# [Your assignment]
Starting with the line with "Câble siamois d'alimentation" in the entries below and going on through the line with "We are hiring", output every line exactly and nothing more. No pictures.

# [Provided data]
-------

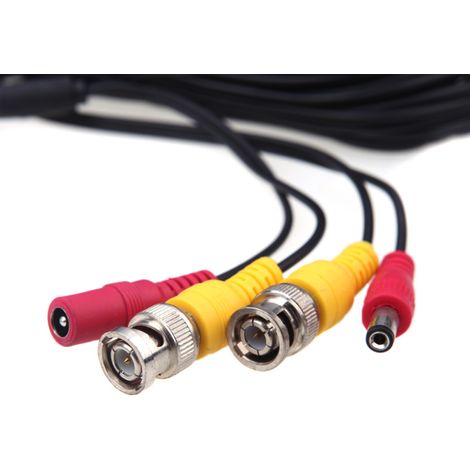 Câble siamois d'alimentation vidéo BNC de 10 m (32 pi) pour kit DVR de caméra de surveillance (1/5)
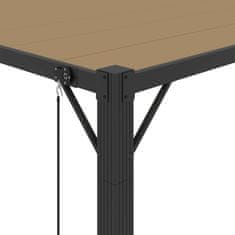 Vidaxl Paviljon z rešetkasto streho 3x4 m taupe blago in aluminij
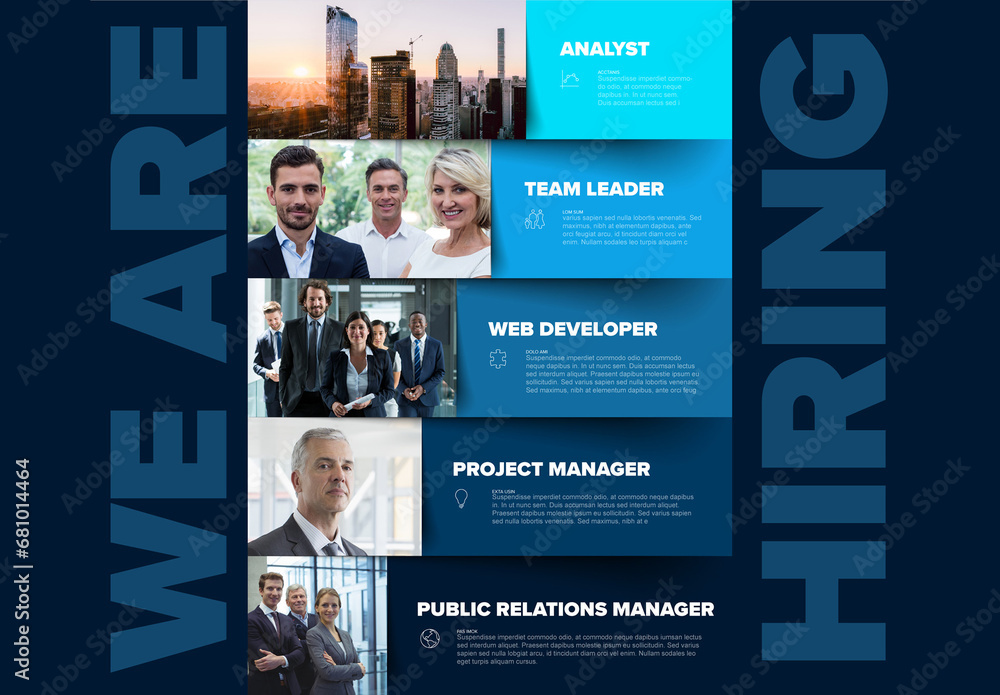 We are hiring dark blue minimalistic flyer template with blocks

-------

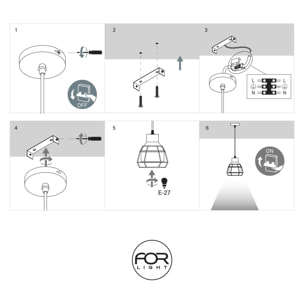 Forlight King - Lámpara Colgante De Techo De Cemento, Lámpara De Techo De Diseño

-------

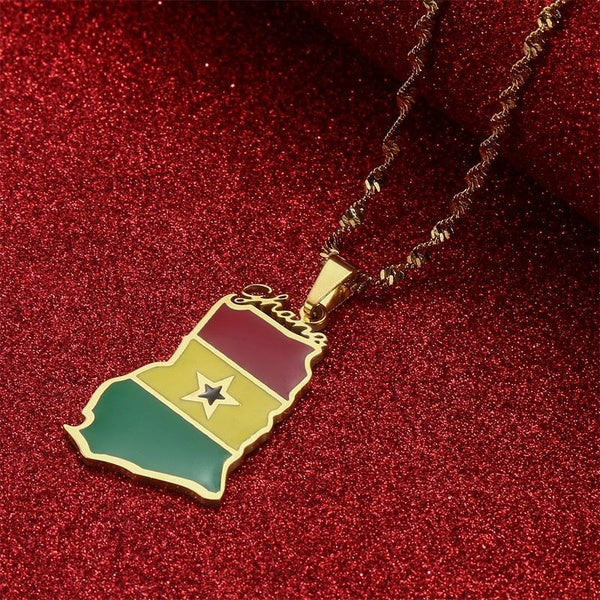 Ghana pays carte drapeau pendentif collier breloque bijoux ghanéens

-------

# [Reply to the task]
 Câble siamois d'alimentation vidéo BNC de 10 m (32 pi) pour kit DVR de caméra de surveillance (1/5)
 Vidaxl Paviljon z rešetkasto streho 3x4 m taupe blago in aluminij
 We are hiring dark blue minimalistic flyer template with blocks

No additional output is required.